By Susan Mathew
(Reuters) – Most major brokerages do not expect a sustained drag on U.S. financial markets following Fitch’s move to strip the country of its top credit rating, noting that the economy is stronger now than in 2011 when S&P Global downgraded U.S. sovereign debt.
Early moves in U.S. financial markets on Wednesday indicated some aversion to riskier assets as investors assessed the impact of the surprise downgrade.
Stock index futures fell, with Nasdaq futures down 0.7%, while Treasury yields slid by 3 basis points. The dollar climbed 0.2%, after slipping broadly in the wake of the downgrade.
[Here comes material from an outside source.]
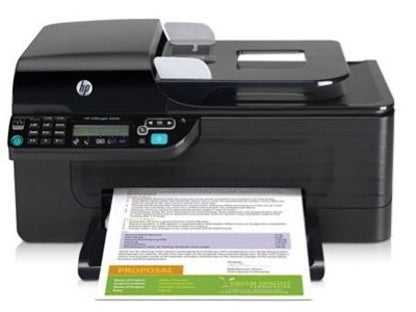 HP 4500 All In One Printer Driver for Mac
Fitch Ratings on Tuesday cut its rating on U.S. long-term foreign-currency debt by one notch to ‘AA+’, citing fiscal deterioration over the next three years and repeated debt ceiling negotiations that threaten the government’s ability to pay its bills.
“Investors have lived through the S&P downgrade in 2011 and remember coming away unscathed. Another might be that people have gotten used to an elevated level of deficit spending,” said Steven Zeng, strategist at Deutsche Bank.
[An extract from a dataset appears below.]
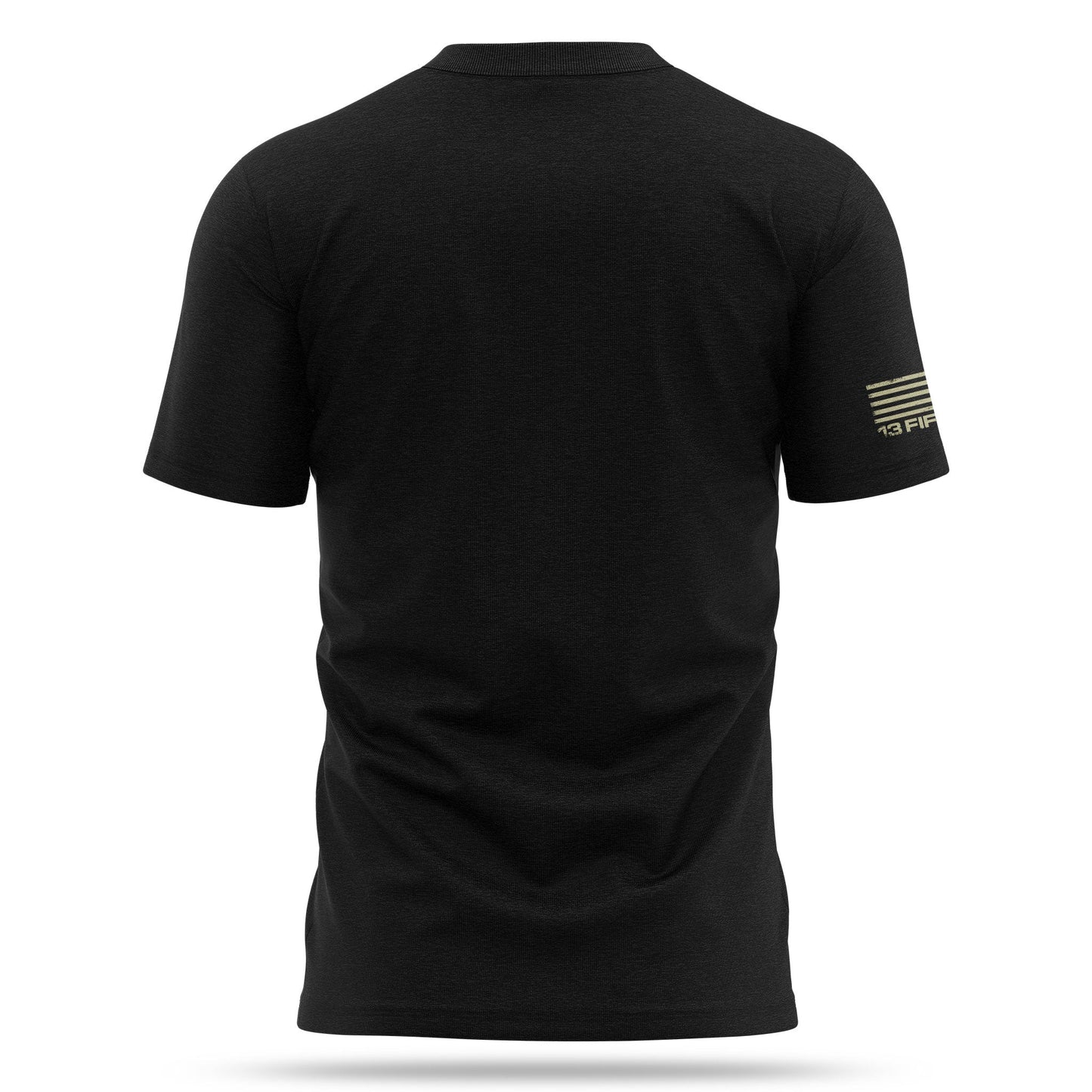 [GRATEFUL NATION] Cotton Blend Shirt [BLK/SND]-13 Fifty Apparel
“We see the market impact from the downgrade news as ultimately limited, and Friday’s jobs report could trump the downgrade news as monetary policy is still the dominant driver for yields.”
The 10-year U.S. Treasury yield declined about 3.6 basis points (bps) to 4.0109% immediately after Fitch’s decision, indicating investors’ preference for safer assets.
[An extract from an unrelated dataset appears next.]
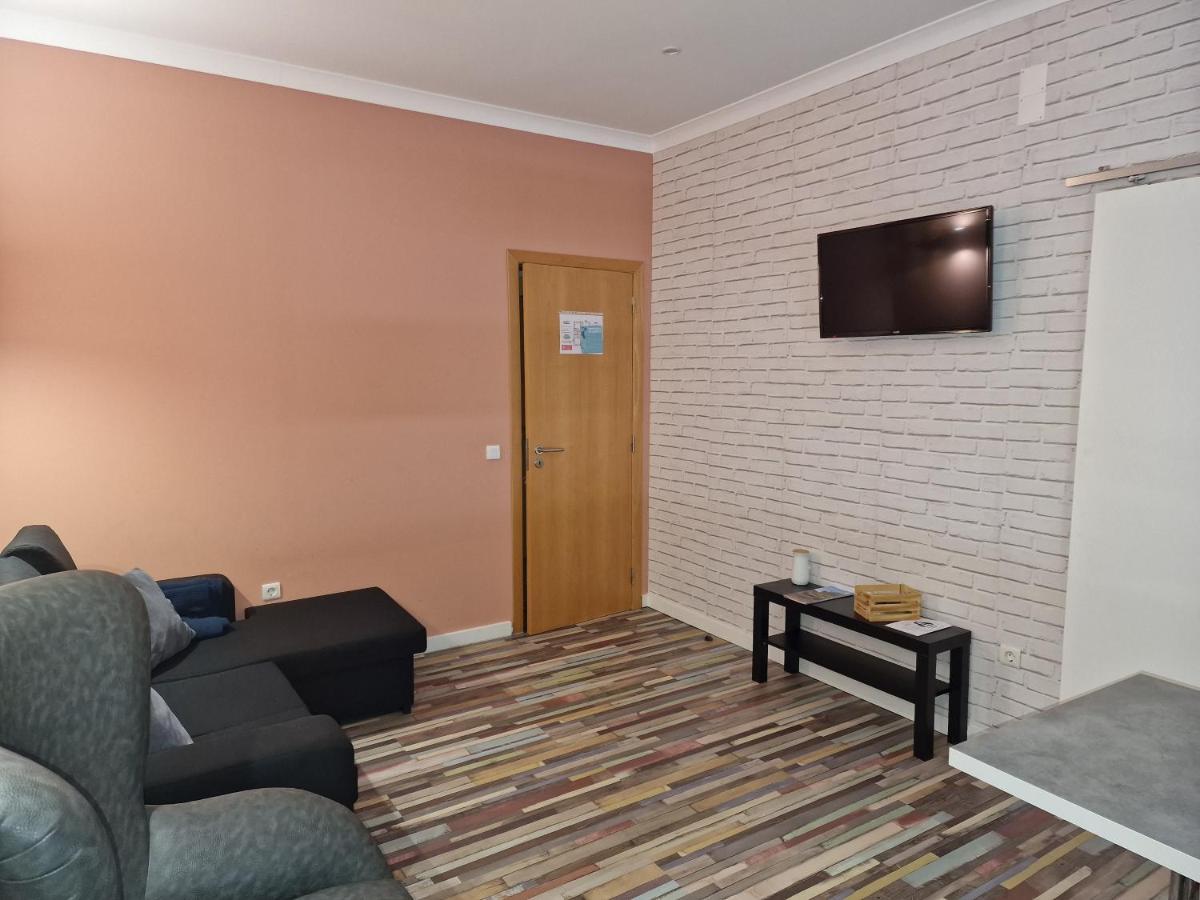 Hotel O Lobo Ourique Zewnętrze zdjęcie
“The Treasury market was highly volatile in the wake of S&P’s downgrade in 2011, but the underpinnings of the U.S. economy were very different then… given the resilience of the U.S. economy and the tightness of labor markets,” said J.P.Morgan rate strategist Jay Barry.
Data released last week showed the U.S. economy grew faster than expected in the second quarter as a resilient labor market supported consumer spending, with markets now pricing in a soft-landing scenario for the economy despite rapid interest rate hikes by the Federal Reserve.
J.P.Morgan also noted that the spending cuts that ended the debt ceiling crisis of 2011 reduced federal spending by 0.7% of Gross Domestic Product (GDP) the following year, while the deal signed into law earlier this year is expected to lower federal spending by less than 0.2% of GDP next year.
Markets took comfort when Fitch did not adjust U.S. “country ceiling”, which it affirmed at AAA, showing strength in the ability of the corporate sector to convert local currency into a foreign currency for debt repayments.
“If Fitch had also lowered the country ceiling, it could have had negative implications for other AAA-rated securities issued by U.S. entities,” said Goldman Sachs economists led by Jan Hatzius.
Moody’s still holds a ‘Aaa’ rating on U.S. government debt. In a review in July, it cited economic strength, “extraordinary” funding capacity, and “central roles of the U.S. dollar and the U.S. Treasury bond market in the global financial system.”